Implementing these methodological solutions systematically will help researchers troubleshoot and overcome non-specific binding issues when working with ARA1/SART1 antibodies.

What quantitative methods should researchers use to analyze ARA1/SART1 expression data?

Robust quantitative analysis of ARA1/SART1 expression requires appropriate methodological approaches:

• Western blot quantification protocol:

  • Use loading controls appropriate for nuclear proteins (Lamin B1, Histone H3)

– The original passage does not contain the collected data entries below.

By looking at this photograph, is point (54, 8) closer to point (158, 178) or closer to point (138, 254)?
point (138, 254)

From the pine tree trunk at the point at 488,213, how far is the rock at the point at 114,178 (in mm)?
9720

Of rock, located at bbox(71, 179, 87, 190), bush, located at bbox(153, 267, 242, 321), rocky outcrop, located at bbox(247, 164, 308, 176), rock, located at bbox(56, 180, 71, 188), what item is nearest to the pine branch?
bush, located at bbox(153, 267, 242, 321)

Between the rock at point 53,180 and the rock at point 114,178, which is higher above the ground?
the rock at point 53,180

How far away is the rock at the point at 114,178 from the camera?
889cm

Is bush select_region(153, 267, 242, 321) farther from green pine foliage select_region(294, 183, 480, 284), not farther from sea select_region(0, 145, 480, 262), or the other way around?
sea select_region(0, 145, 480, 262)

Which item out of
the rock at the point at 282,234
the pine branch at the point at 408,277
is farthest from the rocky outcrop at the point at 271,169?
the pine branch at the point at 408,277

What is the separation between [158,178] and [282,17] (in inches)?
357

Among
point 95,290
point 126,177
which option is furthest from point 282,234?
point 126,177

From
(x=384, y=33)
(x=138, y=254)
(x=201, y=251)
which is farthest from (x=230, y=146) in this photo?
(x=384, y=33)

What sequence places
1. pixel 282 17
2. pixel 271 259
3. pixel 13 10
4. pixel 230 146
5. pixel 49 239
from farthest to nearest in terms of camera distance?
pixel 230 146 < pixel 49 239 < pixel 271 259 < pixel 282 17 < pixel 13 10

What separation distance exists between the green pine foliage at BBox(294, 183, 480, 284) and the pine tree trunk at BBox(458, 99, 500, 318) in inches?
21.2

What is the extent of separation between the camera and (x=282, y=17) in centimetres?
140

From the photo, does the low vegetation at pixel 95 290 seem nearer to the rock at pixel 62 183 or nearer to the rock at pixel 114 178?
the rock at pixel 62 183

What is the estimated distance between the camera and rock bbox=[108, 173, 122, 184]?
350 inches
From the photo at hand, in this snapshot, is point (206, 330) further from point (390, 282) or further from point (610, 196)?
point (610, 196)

  • Apply densitometry with linear dynamic range verification

  • Normalize SART1 signal to loading control using software like ImageJ

  • Perform triplicate biological replicates with statistical analysis (ANOVA with post-hoc tests)

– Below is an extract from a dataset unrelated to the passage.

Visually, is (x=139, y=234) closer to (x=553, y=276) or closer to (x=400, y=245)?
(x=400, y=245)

• Immunofluorescence quantification strategies:

  • Measure nuclear intensity using nucleus-specific masks

  • Quantify nuclear speckle number, size, and intensity

  • Use automated image analysis with CellProfiler or similar software

  • Analyze >100 cells per condition to account for cell-to-cell variability

• RT-qPCR validation approach:

  • Design primers spanning exon-exon junctions specific to SART1

  • Normalize to multiple reference genes (GAPDH, ACTB, TBP)

  • Calculate relative expression using the 2^(-ΔΔCt) method

  • Correlate mRNA and protein expression changes

• Statistical analysis framework:

  • Apply appropriate statistical tests based on data distribution

  • Use multiple comparison corrections (Bonferroni, FDR) when testing multiple conditions

  • Report effect sizes with confidence intervals, not just p-values

  • Create comprehensive visualization of statistical outcomes:

• Integration with transcriptomics data:

  • Correlate SART1 protein levels with splicing changes in target transcripts

  • Analyze differential exon usage using RNA-seq

  • Apply computational models to relate SART1 expression to splicing outcomes

These quantitative methodological approaches provide a comprehensive framework for analyzing ARA1/SART1 expression data with statistical rigor and biological relevance.

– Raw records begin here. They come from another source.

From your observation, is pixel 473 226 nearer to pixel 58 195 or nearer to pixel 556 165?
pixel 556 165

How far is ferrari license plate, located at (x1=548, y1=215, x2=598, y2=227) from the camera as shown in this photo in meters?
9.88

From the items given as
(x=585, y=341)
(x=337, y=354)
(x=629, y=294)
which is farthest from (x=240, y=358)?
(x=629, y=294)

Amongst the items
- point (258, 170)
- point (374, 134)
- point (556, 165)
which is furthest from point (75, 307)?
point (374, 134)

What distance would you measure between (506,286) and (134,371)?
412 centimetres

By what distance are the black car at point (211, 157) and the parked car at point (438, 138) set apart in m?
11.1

How can researchers distinguish between closely related splicing factors when studying ARA1/SART1?

Distinguishing SART1/ARA1 from other splicing factors requires precise methodological approaches:

• Epitope-based differentiation strategy:

  • Select antibodies targeting unique epitopes absent in related splicing factors

  • Validate antibody specificity with recombinant protein arrays containing multiple splicing factors

  • Employ custom peptide competition assays with peptides from SART1 and related proteins

• Multi-modal protein identification approach:

  • Combine immunological detection with mass spectrometry validation

  • Use targeted proteomics (SRM/MRM) to quantify specific SART1 peptides

  • Implement isotope-labeled protein standards for absolute quantification

• Co-localization analysis methodology:

  • Perform high-resolution co-localization studies with other known splicing factors

  • Calculate Pearson's correlation coefficients for spatial overlap

  • Analyze distance relationships between different splicing factors using:

• Functional discrimination approaches:

  • Implement selective knockdown/knockout of SART1 vs. other factors

  • Analyze differential effects on specific splice junctions

  • Use RNA-protein crosslinking methods (CLIP) to identify unique binding sites

  • Apply computational models to distinguish binding modes

• Biophysical property analysis:

  • Examine differential extraction properties with increasing salt concentrations

  • Analyze protein complex assembly/disassembly kinetics

  • Study differential phosphorylation patterns affecting function

Employing these methodological approaches enables researchers to precisely distinguish SART1/ARA1 from other closely related splicing factors, ensuring experimental specificity when studying this important component of the U4/U6.U5 tri-snRNP complex.